様々なフィールドで人気を獲得!「忍たま」の歩みを振り返る
1993年にスタートしたテレビアニメを皮切りに、1996年、2011年に公開された劇場版アニメと、2011年、2013年には加藤清史郎主演で実写映画が公開されたほか、舞台化した2.5次元ミュージカルなど、様々なフィールドで展開する「忍たま」ワールド。テレビアニメは1話10分と短く、子どもが安心して観ることができるようマイルドな描写が徹底されており、誰からも受け入れられるシンプルなデザインのキャラクターたちが明るく楽しい物語を紡いでいる。

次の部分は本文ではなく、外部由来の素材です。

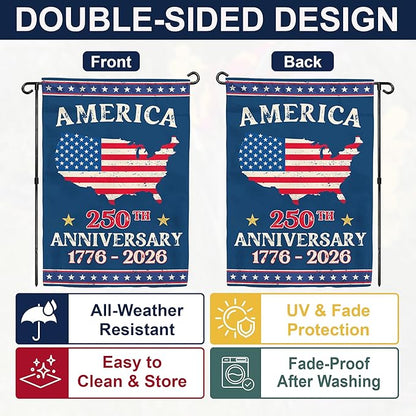 250th Anniversary America USA Garden Flag for Outside, USA Map 250 Years of Freedom 1776-2026 Patriotic Double-Sided Waterproof Yard Flag 12x18 Inch for 4th of July Memorial Day Outdoor Deco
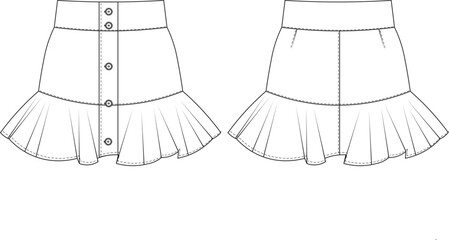 buttoned ruffled frilled short mini skirt template technical drawing flat sketch cad mockup fashion woman design style model - obrazy, fototapety, plakaty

その一方で、2.5次元ミュージカルである通称「忍ミュ」は2010年1月の初演以来、大人気シリーズへと成長。初期には、荒牧慶彦、佐藤流司、陣内将ら、現在の2.5次元ミュージカル界を牽引する人気の若手俳優陣が出演していたこともあり、大人の女性ファンから圧倒的な人気を獲得した。特に、乱太郎たちの先輩にあたる六年生の人気はアニメ版のみならずミュージカル版でも驚異的で、新旧キャストが集結した「六年生単独ライブ」も開催されているほどだ。
大人世代にこそグッとくる。劇場版ならではの見どころ
そんな国民的アニメシリーズの最新映画が『劇場版 忍たま乱太郎 ドクタケ忍者隊最強の軍師』だ。映画化にあたり復刻した同名小説を原作に、シリーズ屈指の人気キャラである土井先生を中心とした、いつもと違う「忍たま」が描かれる。

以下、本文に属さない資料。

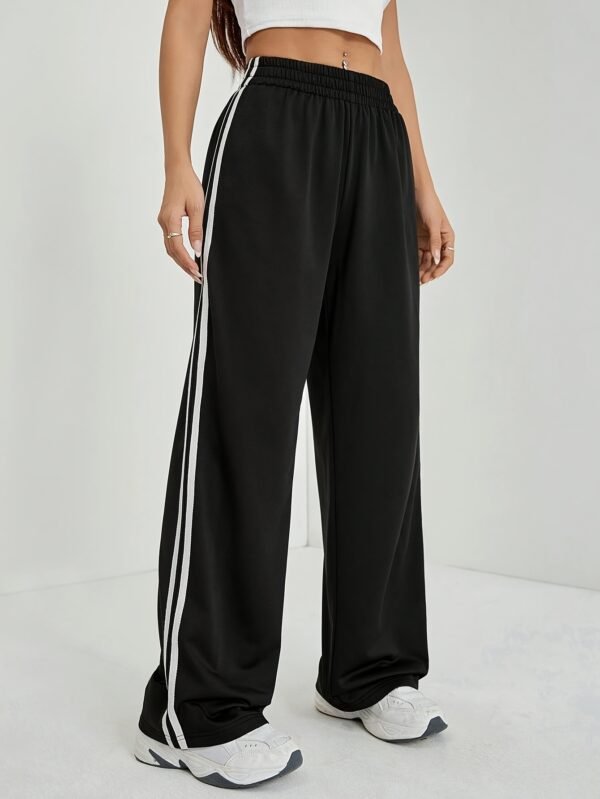 Pantalon décontracté et élégant à rayures latérales (TEMU)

土井先生をライバル視し、ことあるごとに勝負を挑んでくるタソガレドキ忍軍の忍者、諸泉尊奈門との決闘のあと、土井先生は消息を絶ってしまう。忍術学園の教師や上級生の捜索が始まるなか、きり丸は偶然、土井先生が置かれた状況を知ることに。そんな折、土井先生捜索中の六年生の前に、土井先生に瓜二つのドクタケ忍者隊軍師、天鬼が現れる。
誰もが楽しめるファミリー向けタイトルとして愛されてきた「忍たま」だが、本作では、いつもの優しくて穏やかな土井先生とは別人のような天鬼が、太刀を手に六年生に襲いかかるといった、シリアスなシーンも盛り込まれている。また、土井先生ときり丸の関係にもフォーカスを当て、彼らの絆をドラマチックに描きだしていく。

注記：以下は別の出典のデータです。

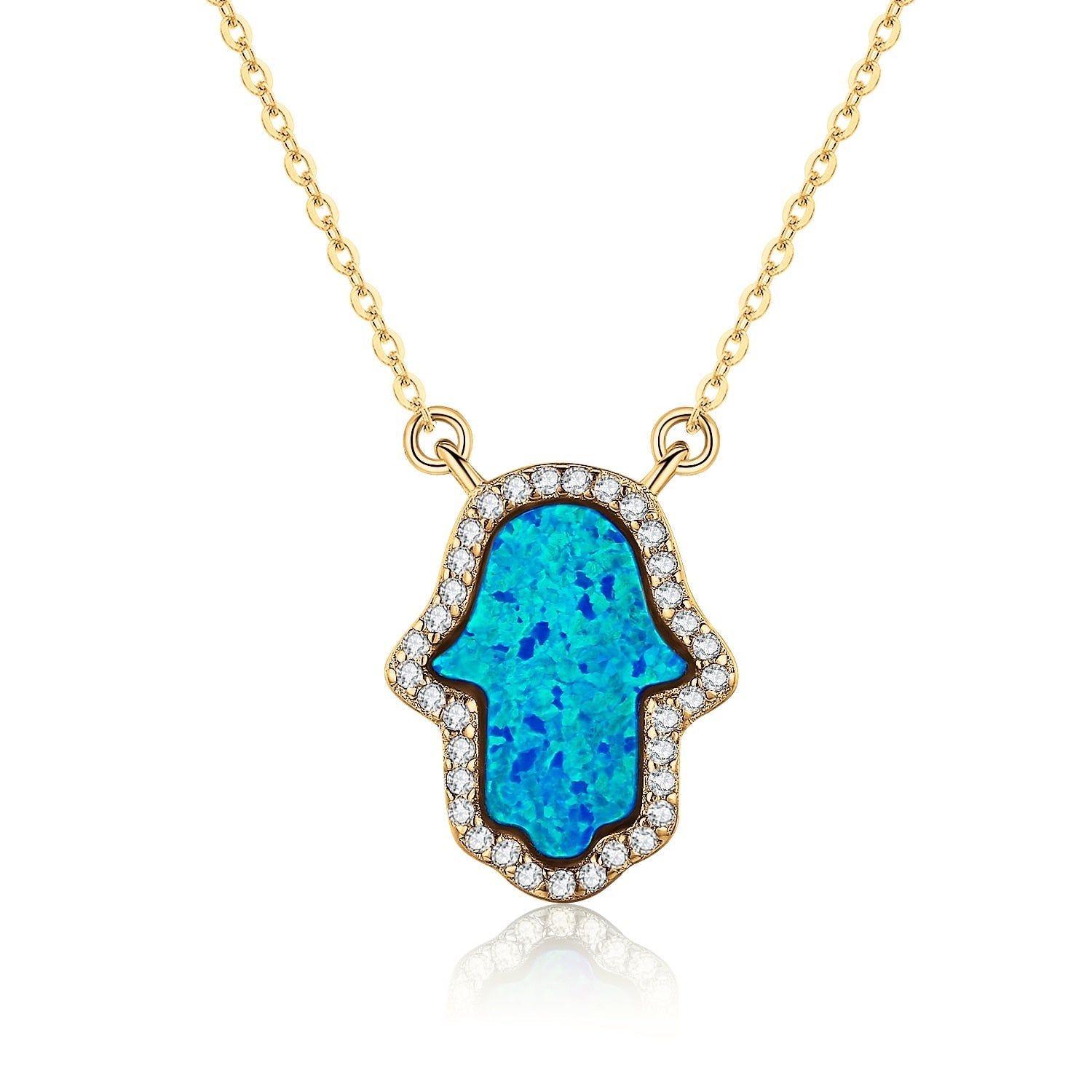 Peris Gems Opal Hamsa Hand of Fatima Pendant Necklace Unisex | Sterling Silver Opal Hamsa Hand of Fatima Pendant Necklace Unisex SHEIN Amazon Temu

なかでも、土井先生が姿を消したことを知るきり丸の姿や、きり丸のために、土井先生救出に向け一年は組が団結する場面に、映画館で号泣するファンが続出するはず。また、土井先生と並ぶ人気キャラクターであるフリーの忍者・山田利吉はもちろん、凸凹な面がありながらも連携して土井先生捜索に奮闘する六年生といった、学年・学園を超えたキャラクター達が出演するなど、ファンにはたまらないストーリー展開が待ち受けている。
さらに、人気アイドルグループ「なにわ男子」が、時代を超えて愛される名曲「勇気100%」を担当するだけでなく、新曲「ありがとう心から」を主題歌として提供。また、声優としても本編に参加するといった劇場版ならではのコラボレーションも実現。原作者・尼子騒兵衛考案による完全オリジナルキャラクターで忍術学園の卒業生である桜木清右衛門(さくらぎせいえもん)を大西流星、若王寺勘兵衛(なこうじかんべえ)を藤原丈一郎がそれぞれ演じる。
そんな「忍たま」の13年ぶりとなる待望の劇場版アニメ『劇場版 忍たま乱太郎 ドクタケ忍者隊最強の軍師』が、いよいよ12月20日より公開!作品に出逢った時から推し続けているファンはもちろん、成長するに従って卒業した大人たちをも巻き込んだブームの到来が予想される「忍たま乱太郎」シリーズ。30年以上も愛され続ける「忍たま」の魅力がたっぷりつまった劇場最新作を、ぜひスクリーンで確かめてほしい。